Work instruction:
Reproduce exactly the lines of this material that begin at the line with "张子枫图片张子枫时尚写真图片" and end at the line with "Image for property", both included. Omit the pictures and everything else.

Data to examine:

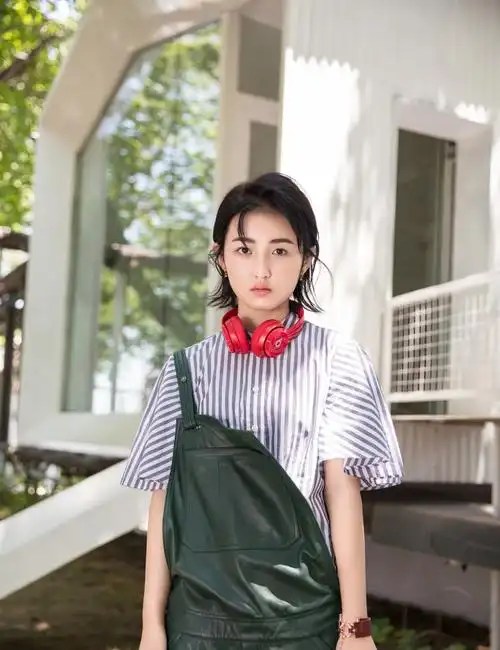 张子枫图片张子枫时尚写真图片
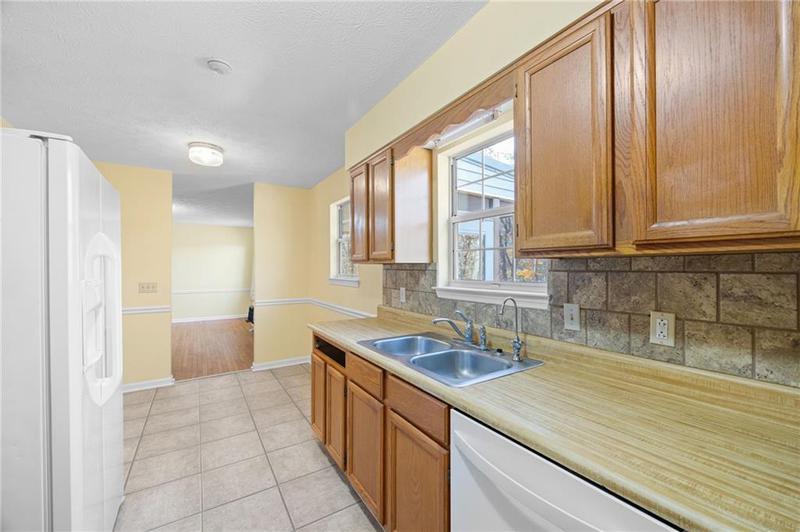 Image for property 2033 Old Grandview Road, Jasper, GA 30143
* * *
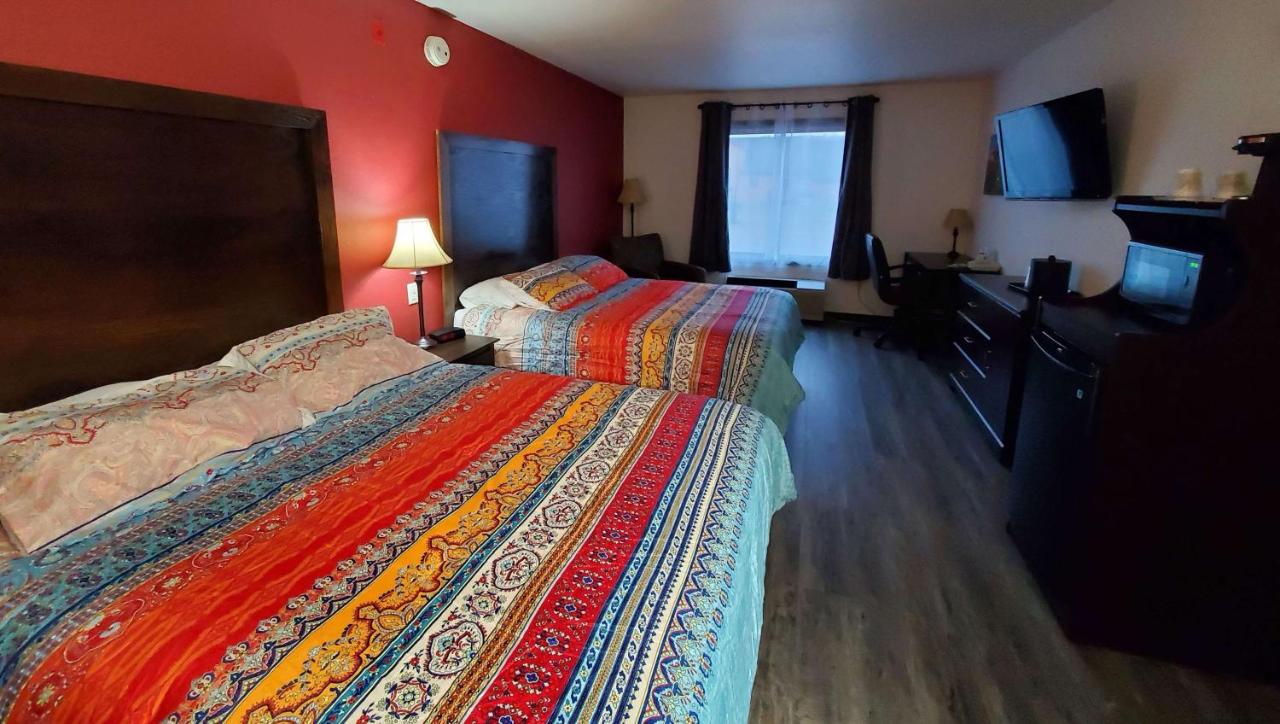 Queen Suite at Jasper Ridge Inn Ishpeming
* * *
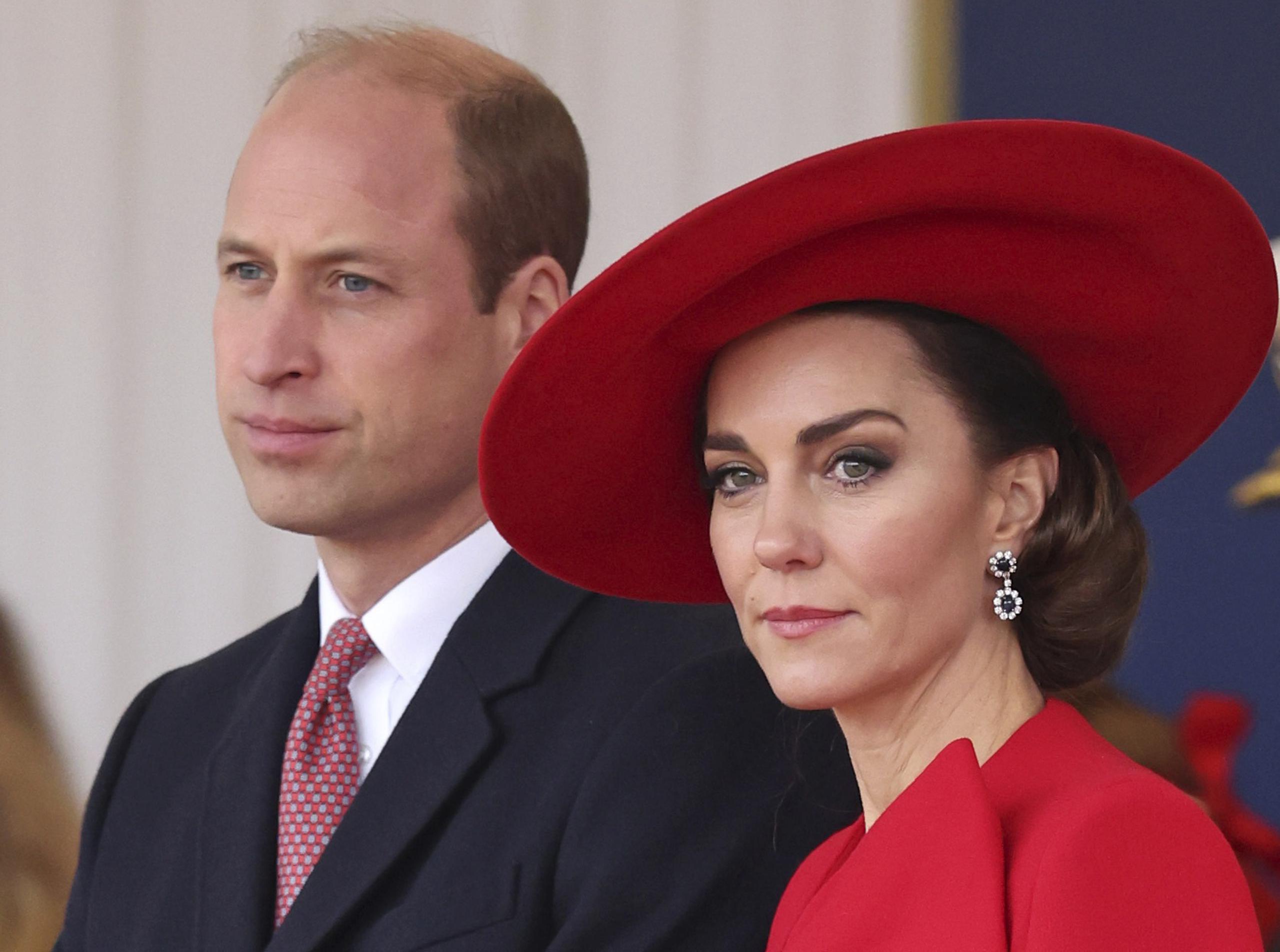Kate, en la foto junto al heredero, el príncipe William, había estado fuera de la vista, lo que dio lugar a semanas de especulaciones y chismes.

Written solution:
 张子枫图片张子枫时尚写真图片
 Image for property 2033 Old Grandview Road, Jasper, GA 30143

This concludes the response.